TASK DETAILS
Pictures are to be left out, and only the lines from the one with "Shampoo limpieza profunda" through the last line of the listing below are to be repeated exactly.

PROVIDED MATERIAL
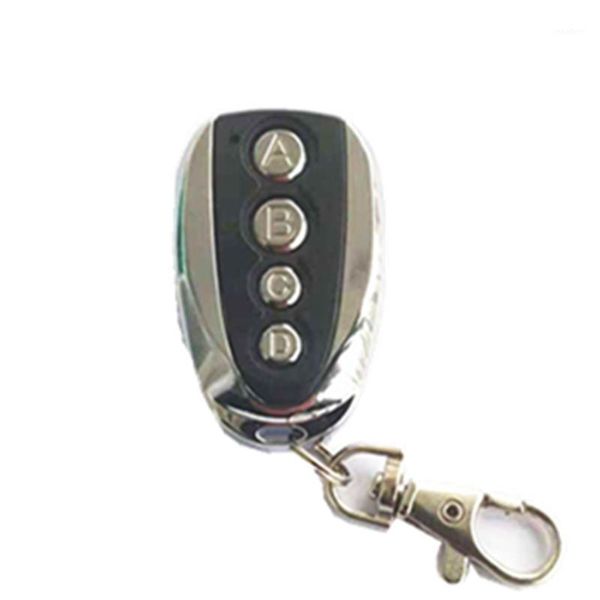 

remote controlers 433.92 mhz blue light duplicator copy came control 34na 32na with battery for universal garage door gate key fob1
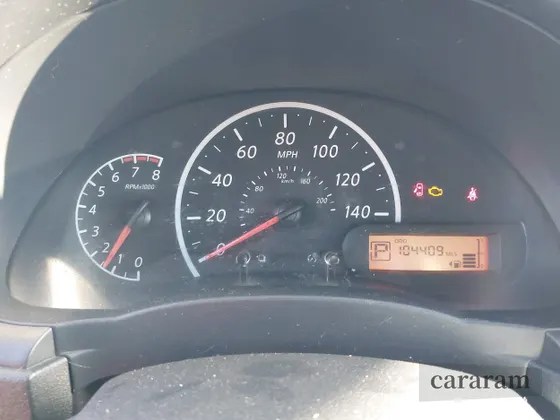 2014 Nissan Versa SV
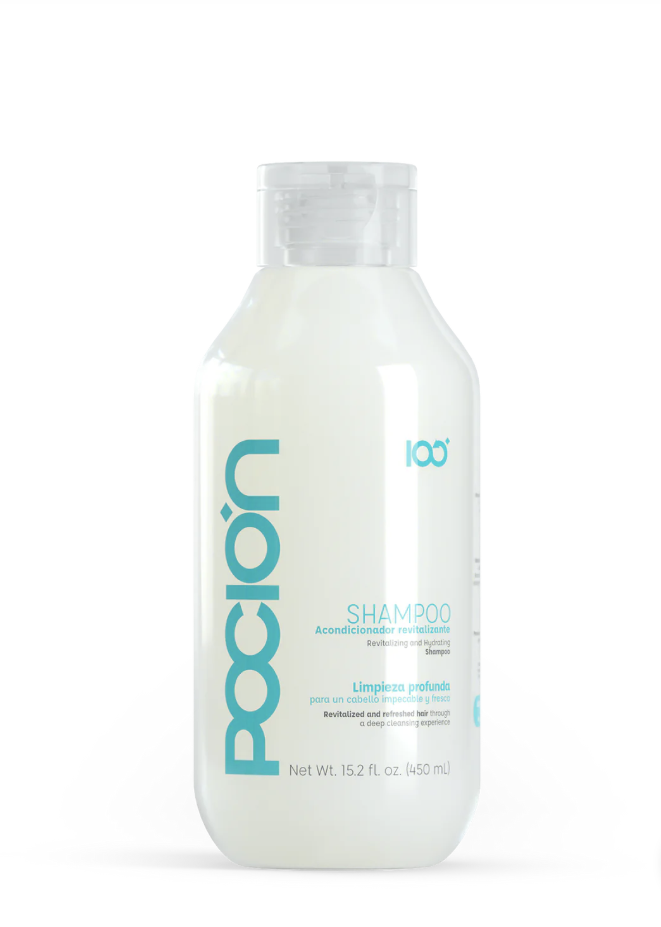Shampoo limpieza profunda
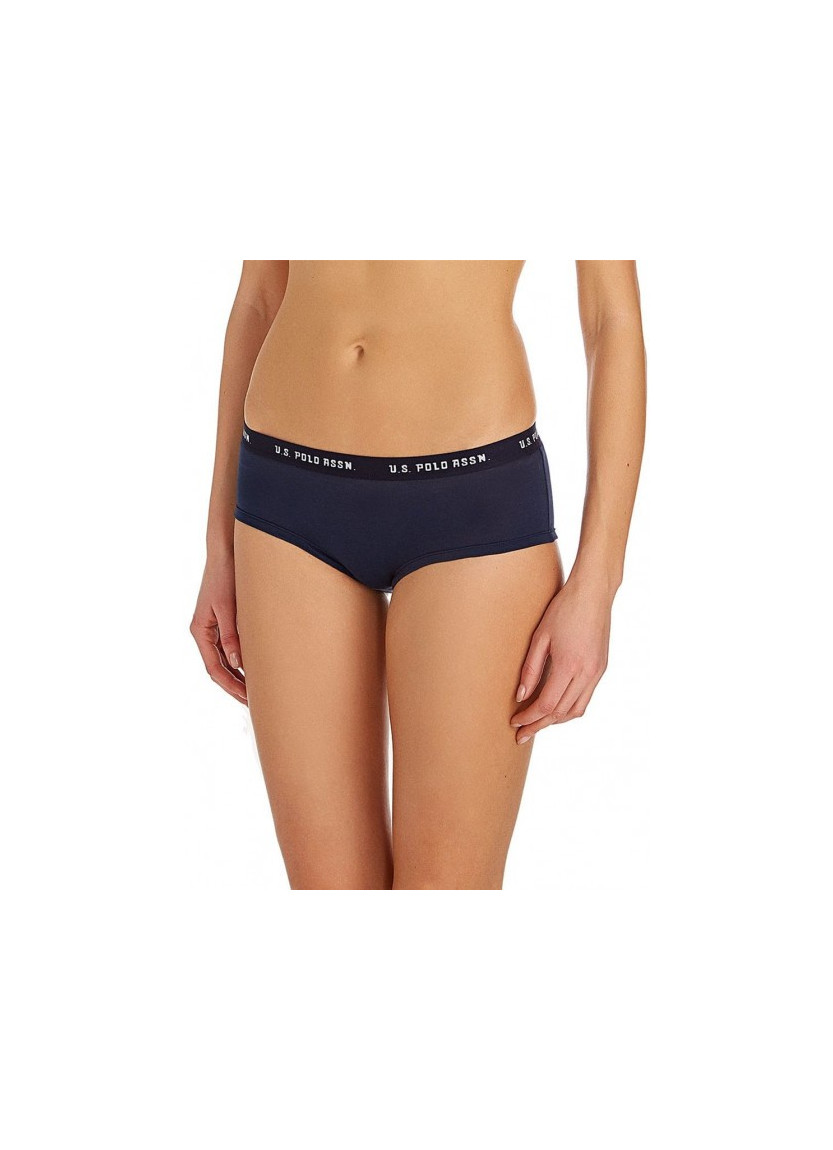 Women’s Shorts Briefs, 3 Pcs U.S. Polo Assn. 66115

EXERCISE RESPONSE
Shampoo limpieza profunda
 Women’s Shorts Briefs, 3 Pcs U.S. Polo Assn. 66115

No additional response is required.